STA 032 - R HW 3

Problem I

(a) Mean and Standard Deviation of Height

The mean is 68.1026486

The standard deviation is 4.1381504

(b) Proportion of Students within 2 Standard Deviations of the Mean

## [1] 0.9722222

This proportion suggests that the heights are very close to being normally distributed due to the empirical rule. It states that 95% of the data should be within two standard deviations of the mean, and since we got 97% it should be fairly close to normally distributed.

(c) QQ Plot of Height

Yes, this plot suggests normal distribution because the data closely resembles the line of a sample normal plot. It follows the reference line fairly closely.

(d) 95% Confidence Interval for Average Student Height

The 95% confidence interval for the average height of the students is (67.896344, 68.3089531)

Problem II

(a) Mean and Standard Deviation of Pulse

The mean is 74.2162791

The standard deviation is 18.2218379

(b) Proportion of Students within 1 Standard Deviation of the Mean

## [1] 0.8010336

This suggests that the students’ pulses are not normally distributed. It should be approximately 68% within one standard deviation of the mean, but rather it is 80%, showing that it is too far off of the empirical rule to be normally distributed.

(c) QQ Plot of Pulses

This suggests that student pulses are not normally distributed because the data varies too much from the reference line too much for it to be normal.

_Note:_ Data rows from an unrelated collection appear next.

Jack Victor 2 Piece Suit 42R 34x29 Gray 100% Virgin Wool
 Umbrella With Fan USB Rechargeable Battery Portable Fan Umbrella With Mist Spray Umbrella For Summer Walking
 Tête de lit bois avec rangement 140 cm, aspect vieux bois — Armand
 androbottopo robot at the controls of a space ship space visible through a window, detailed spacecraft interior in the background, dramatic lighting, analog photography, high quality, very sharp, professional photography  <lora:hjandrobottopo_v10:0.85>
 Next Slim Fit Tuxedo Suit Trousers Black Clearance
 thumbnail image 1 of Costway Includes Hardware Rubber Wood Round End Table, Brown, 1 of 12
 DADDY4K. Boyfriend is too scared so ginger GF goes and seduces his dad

(d) 99% Confidence Interval for Average Student Pulse

The 99% confidence interval for the average pulse of the students is (73.0218512, 75.4107069)

Problem III

(a) Histogram of hsGPA

No, this data does not appear to be normally distributed because the data is skewed to the right side of the x-axis. It is a very unbalance histogram, making it not normally distributed.

(b) 90% Confidence Interval for Average Student GPA

The 90% confidence interval for the average GPA of the students is (3.6170576, 3.6450424)

(c)

The 90% condfidence level of 3.61 to 3.64 reflects that 90% of the students high school GPAs will be between the values of 3.61 to 3.64. This also shows how skewed the data is because such a large amount of the data lies within such a small interval, making it much harder for it to be normally distributed. This interval is relatively small to the range of all the data, and the spread of the data and histogram above.

(d)

Yes, you need to assume that the data is normally distributed in order for the interval to be valid. This is one of the requirements for a confidence interval to be valid. This is due to the fact the curve of normal distribution allows for even distribution and the middle of the bell curve would contain the confidence interval, where it may be skewed the interval would then not be valid.

APPENDIX OF CODE

student=read.csv("~/Desktop/STA 032 - R HW 1_files/student.csv")
meanh = mean(student$height)
sdh = sd(student$height)
the.mean = mean(student$height)
the.sd = sd(student$height)
lower.bounds = the.mean - 2*the.sd
upper.bounds = the.mean + 2*the.sd
mean(student$height > lower.bounds & student$height < upper.bounds)
qqnorm(student$height, main = "Normal Probability Plot for Student Height")
qqline(student$height)
stuff = t.test(student$height, conf.level = 0.95)
meanp = mean(student$pulse)
sdp = sd(student$pulse)
the.meanp = mean(student$pulse)
the.sdp = sd(student$pulse)
lower.boundsp = the.meanp - 1*the.sdp
upper.boundsp = the.meanp + 1*the.sdp
mean(student$pulse > lower.boundsp & student$pulse < upper.boundsp)
qqnorm(student$pulse, main = "Normal Probability Plot for Student Pulse")
qqline(student$pulse)
stuffp = t.test(student$pulse, conf.level = 0.99)
hist(student$hsGPA, main = "High School GPA", xlab = "GPA")
stuffg = t.test(student$hsGPA, conf.level = 0.90)